Postmodernism, Take 1: Exposing Modernity’s Shortcomings


Ruminating on DFW the past few weeks I’ve been re-examining a lot of the critical literature on postmodernism, pro-, con-, confused, condemnatory, and clueless, and sifting once again through the debris of Western civilization’s attempt to understand the logical outcome of its intellectual development which, in true Oedipal fashion, tried to murder its father and get randy with its mom (why do you think icons are big in [what remains of] emerging churches?). And now, re-tackling Gravity’s Rainbow and grappling with its techniques and its targets, I thought it might be fun to share some useful insights on this bizarre phenomenon, postmodernism, to illuminate just what the flip it actually is, what good it brings to the table, and what’s detrimental about it (“it” being a convenient shorthand to describe what, in reality, is anything but a monolithic, totalizing force). Should any of them prove exceptionally useful in deciphering the alien glyphs of GR, I’ll be sure to unpack that as well. So, without further ado, here’s Michael Shepherd on postmodernism’s benefits for biblical interpretation, most particularly w/r/t the possibility of standing above the biblical text as a “neutral,” objective interpreter:

If postmodernism has been of any value at all, it is that it has taught the children of modernity about the fallacy of objectivity. Everyone comes to a text from a particular viewpoint and with a certain amount of baggage. But this does not demand that the reader capitulate to reader-response criticism as the only mode of interpretation. Rather, when a reader comes to a text like the biblical text, he or she must acknowledge and evaluate his or her own presuppositions. Once the reader has gained a new awareness of his or her stance toward the text, the task is to read and reread the text in order to obtain a high level of competency. Such competency enables the reader to play according to the author’s rules and leads to better alignment with the author’s intention. The goal is not necessarily absolute knowledge of the author’s intention but adequate knowledge. In other words, the reader’s job is to be a critical realist — someone who avoids the pitfalls of fundamentalism and postmodernism through critical reflection on the reality to be known. For the reader of the biblical text, this means the reality or world created by the biblical authors, authors who insist that their representation of reality- the world of divine creation and providence- is indeed the only real world.

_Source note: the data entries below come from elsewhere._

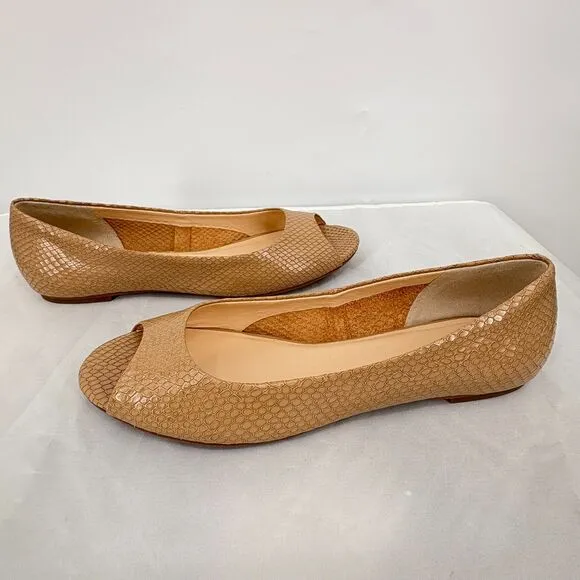 Cole Haan Morgan Peep Toe Ballet Flats, Sz 9B, Beige Snakeskin Pattern Neutral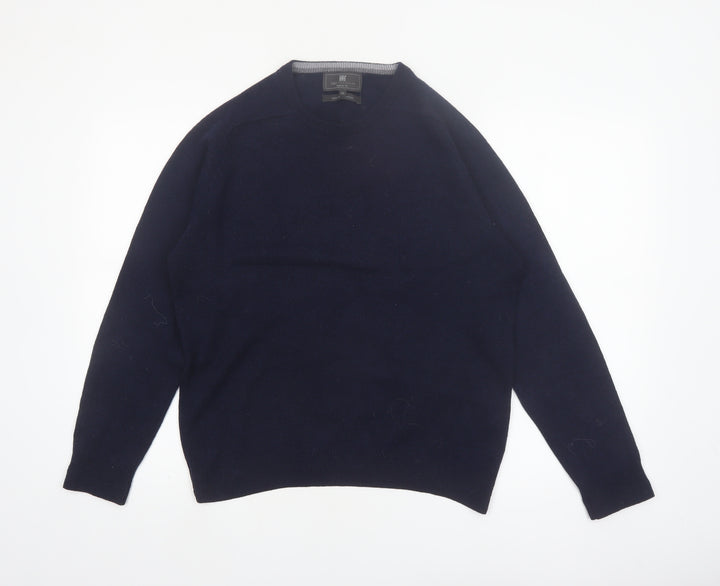 Marks and Spencer Men's Blue Wool Regular Fit Jumper M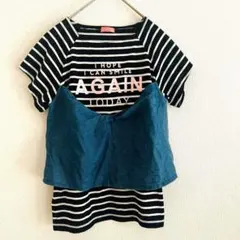 美品✨【ネイビー】ビスチェ風ドッキングTシャツ　ネイビー　ボーダー　オシャレ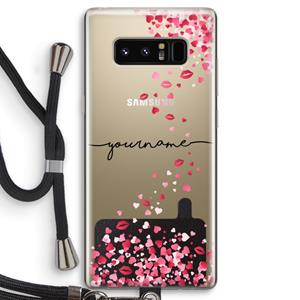 CaseCompany Hartjes en kusjes: Samsung Galaxy Note 8 Transparant Hoesje met koord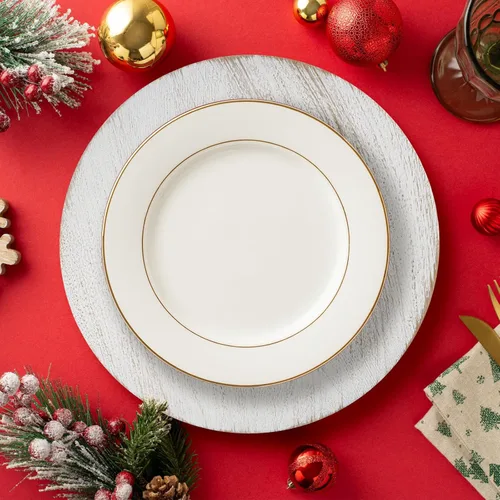 Miniatura 2 de Platos Base Blancos Antiguos de 13", Plato Base Redondo para Platos de Cena, Platos Base Estilo Granja, Platos Base Rústicos para Fiestas, Cenas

(Michael B. Shepherd, Daniel in the Context of the Hebrew Bible [New York: Peter Lange, 2009], p. 122)


2 thoughts on “Postmodernism, Take 1: Exposing Modernity’s Shortcomings

  1. I have been wrestling through developing a holistic view of authorial intention. Some Postmodern readings bring surprising clarity to authorial intent, as your post indicates, but unfortunately carries over the Modernist modus operandi of methodology-production. In this case, critical realism. Granted, critical realism is about the best approach I have seen, but my one concern is that it does not hold in tension the dual authorship of Scripture. I get so consumed with the author’s rules– narrative structure, cultural background, rhetorical analysis, etc.– that I completely forget there is also a divine agent– a divine authorial intent– behind the text as well.

    How do we bring divine authorship back to the table? How do we reconcile, keeping in mind the tools Postmodernism supplies, that God speaks his intentions to us and humans speak their intentions to us in the same flick of a pen? For this, Speech-Act Theory is helpful, but not enough, and it seems a greater understanding is warranted, because we’re not after what the text says, but what the text means. And, unfortunately, our doctrine of inspiration has been neglected, because Modern theologians were content to say, “Hey, I just want to let you all know that the Bible is inspired. Written by both humans and God.” And they let that as a scientific fact be known. Thanks, but how on earth does that affect the wise reading of Scripture, how does that contribute to our pursuit of its meaning?


    • One clarification: I did not mean to imply that Speech-Act Theory is not after textual meaning, but I did mean to say it is slightly deficient for this problem.